Exercise details
Locate "AQUAZZURA Escarpins en" in the data below, then output the line it is on and all following lines through the last, word for word. Skip any pictures.

[Available data]

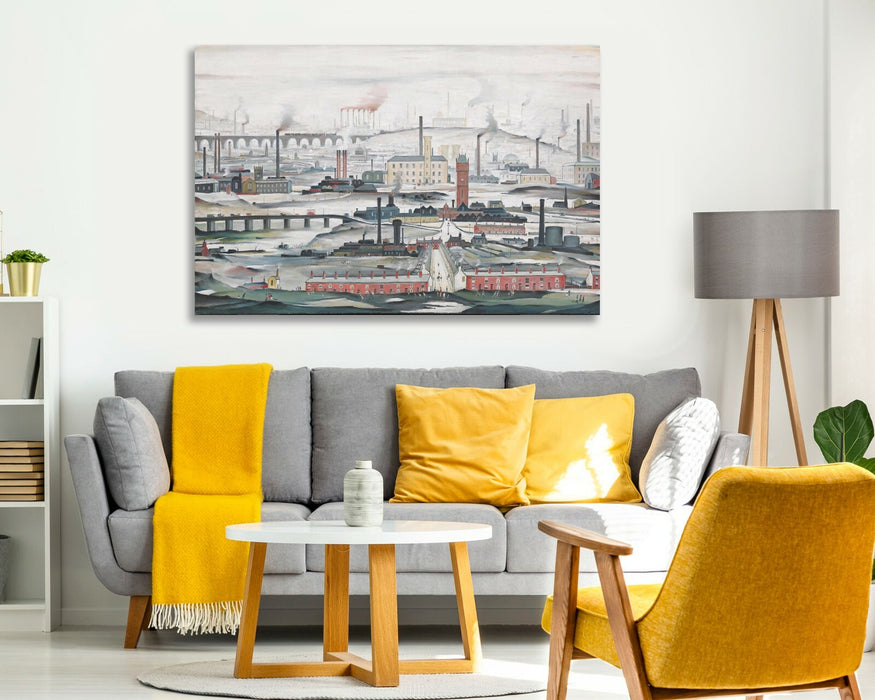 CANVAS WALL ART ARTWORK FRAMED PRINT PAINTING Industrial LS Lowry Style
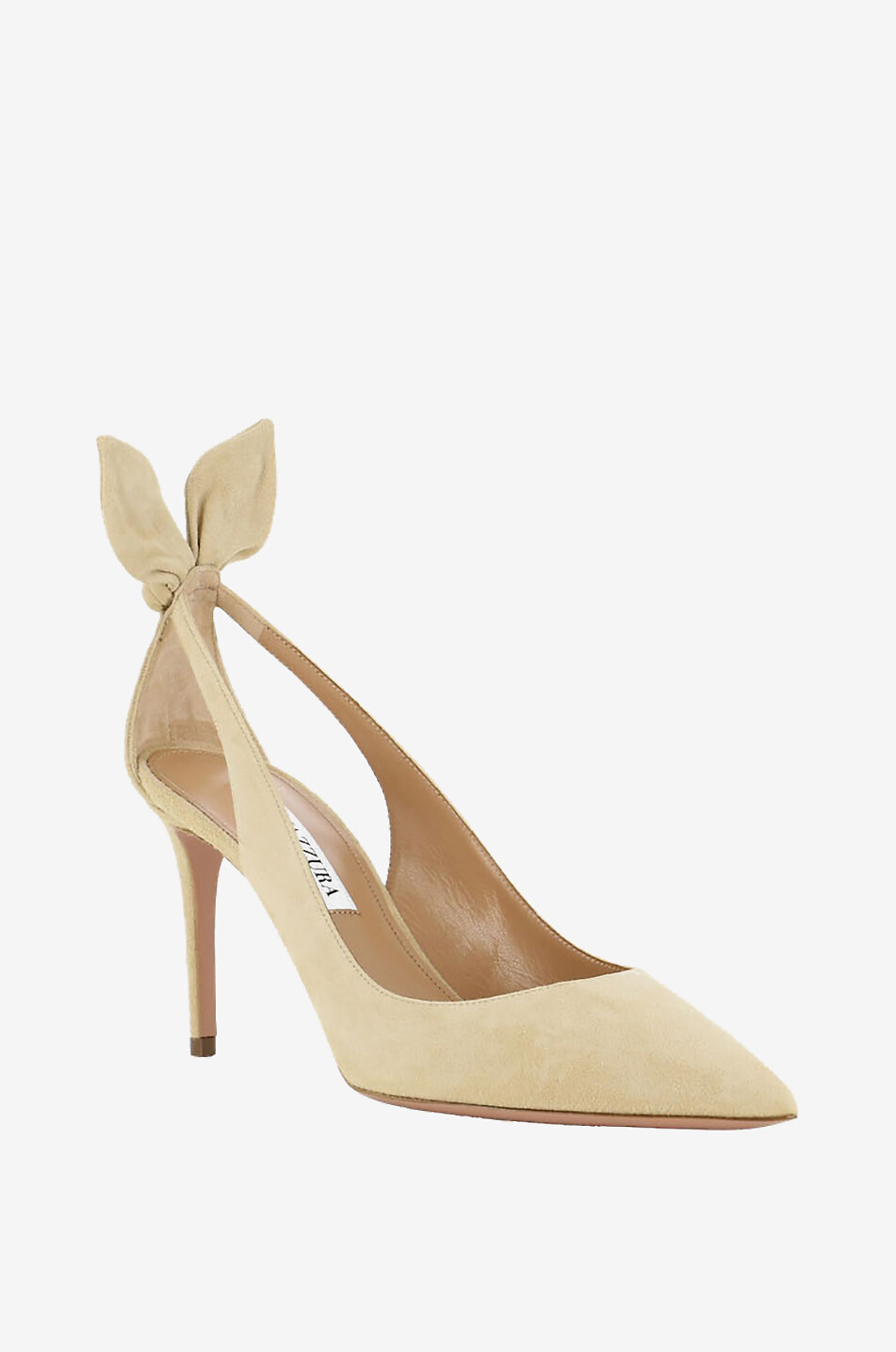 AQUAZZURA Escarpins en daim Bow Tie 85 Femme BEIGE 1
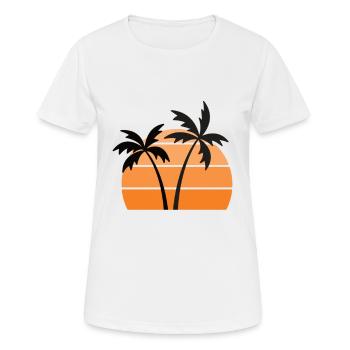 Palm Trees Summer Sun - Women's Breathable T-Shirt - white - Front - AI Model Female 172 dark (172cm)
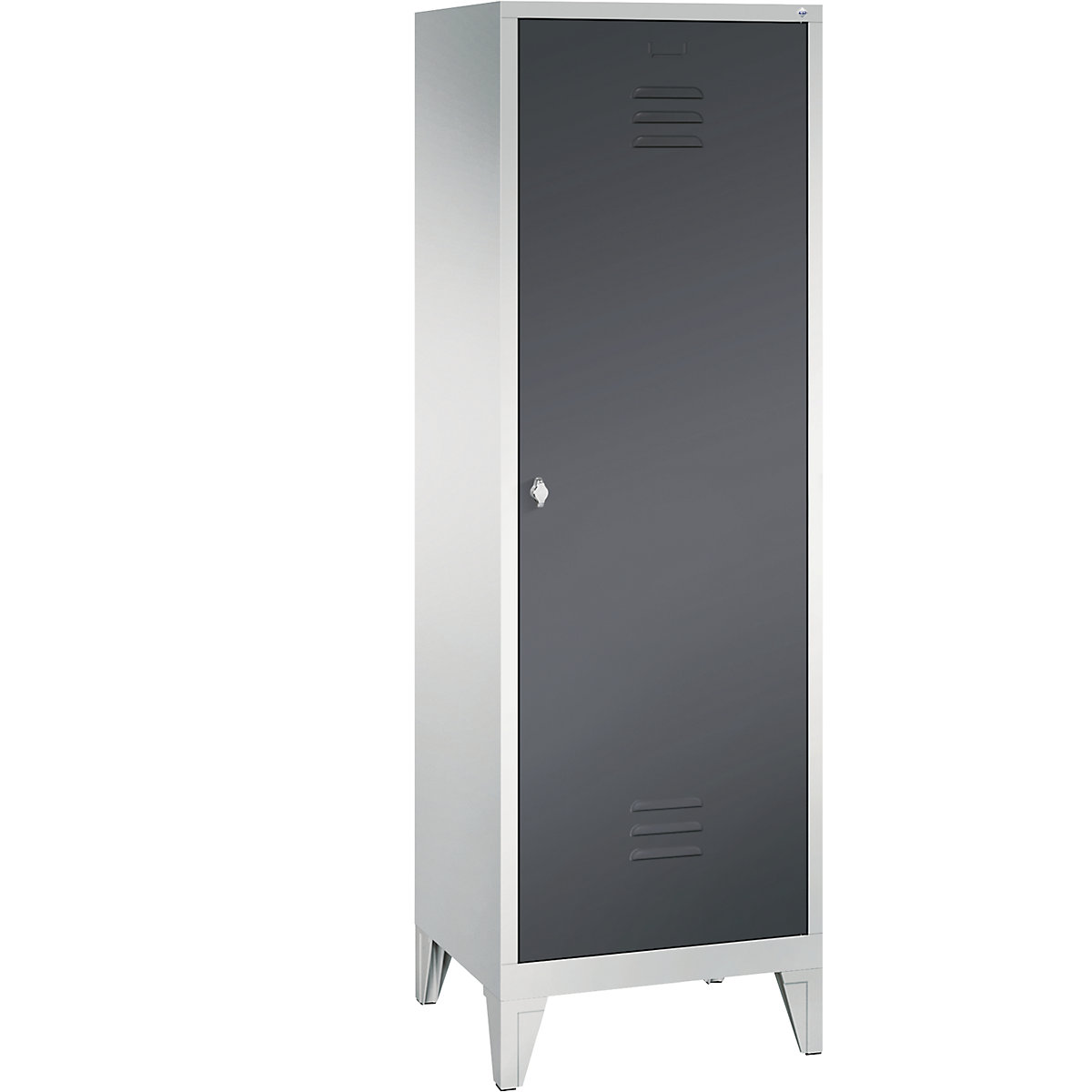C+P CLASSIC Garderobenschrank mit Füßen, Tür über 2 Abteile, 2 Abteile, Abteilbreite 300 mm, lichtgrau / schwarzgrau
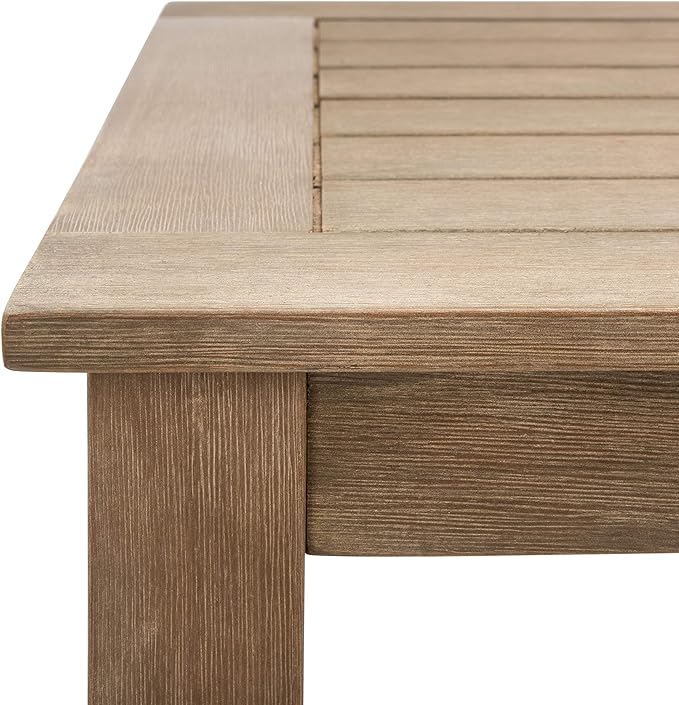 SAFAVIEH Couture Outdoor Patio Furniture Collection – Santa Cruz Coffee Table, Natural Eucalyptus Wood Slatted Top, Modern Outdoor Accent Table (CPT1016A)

[/Available data]

Your response
 AQUAZZURA Escarpins en daim Bow Tie 85 Femme BEIGE 1
 Palm Trees Summer Sun - Women's Breathable T-Shirt - white - Front - AI Model Female 172 dark (172cm)
C+P CLASSIC Garderobenschrank mit Füßen, Tür über 2 Abteile, 2 Abteile, Abteilbreite 300 mm, lichtgrau / schwarzgrau
 SAFAVIEH Couture Outdoor Patio Furniture Collection – Santa Cruz Coffee Table, Natural Eucalyptus Wood Slatted Top, Modern Outdoor Accent Table (CPT1016A)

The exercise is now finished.